What a difference three years makes. The Richfield-based retailer said this week the store, along with four others in the Twin Cities and a total of 50 nationwide, will soon close its doors. Neither past financial performance nor sentimentality spared the Edina location, first opened in 1973, as Best Buy seeks to cut $800 million in costs over the next three years.
"We are deliberate and thoughtful when we make such decisions," the company said in a statement. "We are working to ensure ... [we serve] all of our customers in a convenient and satisfying way."
Best Buy Co. Inc. CEO Brian Dunn emphasized the company was not retreating from its home market. True, the company will reduce its retail square footage in the Twin Cities by 20 percent. But in that void, Best Buy plans to increase number of locations by 20 percent with a mix of smaller-format stores including Best Buy Mobile and its experimental "Connected Stores" remodels.

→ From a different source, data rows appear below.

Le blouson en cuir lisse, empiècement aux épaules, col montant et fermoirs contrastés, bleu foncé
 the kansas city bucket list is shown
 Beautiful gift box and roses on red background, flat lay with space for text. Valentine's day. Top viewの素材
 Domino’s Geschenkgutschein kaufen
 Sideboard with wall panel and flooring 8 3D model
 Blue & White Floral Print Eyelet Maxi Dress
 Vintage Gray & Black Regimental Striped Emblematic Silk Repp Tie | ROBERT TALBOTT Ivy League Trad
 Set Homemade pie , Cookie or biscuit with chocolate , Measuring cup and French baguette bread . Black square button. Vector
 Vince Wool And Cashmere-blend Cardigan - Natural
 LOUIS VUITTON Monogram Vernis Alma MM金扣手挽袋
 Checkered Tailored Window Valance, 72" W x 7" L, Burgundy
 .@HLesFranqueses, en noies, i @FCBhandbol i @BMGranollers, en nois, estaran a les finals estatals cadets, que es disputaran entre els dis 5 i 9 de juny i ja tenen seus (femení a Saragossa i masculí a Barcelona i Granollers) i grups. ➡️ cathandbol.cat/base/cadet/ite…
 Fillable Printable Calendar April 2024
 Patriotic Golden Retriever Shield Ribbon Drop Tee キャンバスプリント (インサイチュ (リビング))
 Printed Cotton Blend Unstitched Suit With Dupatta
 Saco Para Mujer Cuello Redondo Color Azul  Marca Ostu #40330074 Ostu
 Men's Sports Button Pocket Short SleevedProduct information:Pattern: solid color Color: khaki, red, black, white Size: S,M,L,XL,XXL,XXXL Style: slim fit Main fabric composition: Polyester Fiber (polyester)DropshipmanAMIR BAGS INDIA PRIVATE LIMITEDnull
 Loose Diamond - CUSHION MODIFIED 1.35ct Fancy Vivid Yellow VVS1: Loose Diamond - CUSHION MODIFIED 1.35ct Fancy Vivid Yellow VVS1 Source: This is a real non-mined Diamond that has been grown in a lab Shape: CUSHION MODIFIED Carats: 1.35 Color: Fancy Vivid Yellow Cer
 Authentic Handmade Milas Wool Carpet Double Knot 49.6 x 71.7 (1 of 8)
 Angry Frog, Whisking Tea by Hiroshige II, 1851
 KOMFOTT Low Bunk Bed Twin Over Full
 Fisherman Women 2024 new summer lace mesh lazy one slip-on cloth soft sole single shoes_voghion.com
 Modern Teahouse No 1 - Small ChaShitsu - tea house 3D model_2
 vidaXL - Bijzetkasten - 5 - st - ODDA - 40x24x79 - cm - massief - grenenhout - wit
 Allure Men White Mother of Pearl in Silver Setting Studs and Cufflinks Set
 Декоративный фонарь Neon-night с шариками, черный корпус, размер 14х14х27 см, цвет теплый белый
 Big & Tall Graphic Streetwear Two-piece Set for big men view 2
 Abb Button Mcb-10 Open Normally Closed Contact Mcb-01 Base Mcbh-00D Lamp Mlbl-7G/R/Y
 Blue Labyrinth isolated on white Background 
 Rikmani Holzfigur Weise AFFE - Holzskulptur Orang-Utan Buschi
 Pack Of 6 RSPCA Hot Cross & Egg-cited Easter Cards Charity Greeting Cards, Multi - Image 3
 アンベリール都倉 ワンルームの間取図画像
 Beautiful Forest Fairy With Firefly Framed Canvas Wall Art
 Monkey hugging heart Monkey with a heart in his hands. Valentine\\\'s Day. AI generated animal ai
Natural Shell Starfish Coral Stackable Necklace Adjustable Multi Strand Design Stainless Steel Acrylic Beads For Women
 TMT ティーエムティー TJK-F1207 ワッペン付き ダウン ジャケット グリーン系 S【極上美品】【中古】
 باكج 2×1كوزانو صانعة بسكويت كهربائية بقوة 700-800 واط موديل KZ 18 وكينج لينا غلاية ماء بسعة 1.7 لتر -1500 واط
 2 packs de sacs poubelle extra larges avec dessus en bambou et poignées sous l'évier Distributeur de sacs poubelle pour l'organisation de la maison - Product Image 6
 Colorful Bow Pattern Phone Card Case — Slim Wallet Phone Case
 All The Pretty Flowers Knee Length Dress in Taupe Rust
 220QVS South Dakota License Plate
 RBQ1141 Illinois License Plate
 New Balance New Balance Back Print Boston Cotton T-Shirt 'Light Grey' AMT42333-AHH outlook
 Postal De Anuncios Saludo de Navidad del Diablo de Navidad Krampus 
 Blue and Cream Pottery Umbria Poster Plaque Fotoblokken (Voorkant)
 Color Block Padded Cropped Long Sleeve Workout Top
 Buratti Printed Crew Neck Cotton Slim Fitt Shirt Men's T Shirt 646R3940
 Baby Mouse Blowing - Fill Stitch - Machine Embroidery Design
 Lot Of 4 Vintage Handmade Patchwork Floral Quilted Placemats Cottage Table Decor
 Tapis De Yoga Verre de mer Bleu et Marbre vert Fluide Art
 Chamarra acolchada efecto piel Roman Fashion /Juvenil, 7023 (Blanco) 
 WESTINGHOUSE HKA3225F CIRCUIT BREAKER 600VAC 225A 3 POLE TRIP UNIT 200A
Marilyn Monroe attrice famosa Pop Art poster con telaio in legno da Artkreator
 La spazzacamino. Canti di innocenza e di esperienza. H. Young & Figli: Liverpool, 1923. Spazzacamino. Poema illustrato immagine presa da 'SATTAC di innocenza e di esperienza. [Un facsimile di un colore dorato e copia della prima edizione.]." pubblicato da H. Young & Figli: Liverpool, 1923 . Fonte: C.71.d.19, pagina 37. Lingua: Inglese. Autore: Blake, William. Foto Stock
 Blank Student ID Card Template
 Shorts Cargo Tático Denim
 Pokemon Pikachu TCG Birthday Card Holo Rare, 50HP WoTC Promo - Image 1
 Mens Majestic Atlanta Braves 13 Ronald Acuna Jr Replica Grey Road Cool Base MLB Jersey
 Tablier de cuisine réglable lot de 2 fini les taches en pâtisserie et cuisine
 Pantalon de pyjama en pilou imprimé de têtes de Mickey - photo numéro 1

"We're going to have more doors and less square footage," Dunn told investors.
Dunn is doing what's necessary for the company's survival, as more consumer electronics shoppers migrate to the Internet, said Dave Brennan, the co-director of the Institute for Retail Excellence at the University of St. Thomas.
"Call it what you want," Brennan said. "They have too much space."
The 50 stores slated to close are probably the worst-performing of the company's 1,100 U.S. stores by way of sales and profits, said retail consultant Flora Delaney. Those closings will lead to the loss of thousands of jobs, as each outlet employs about 100 people. Delaney said Best Buy most likely will shut down many more stores over the next few years as store leases begin to expire.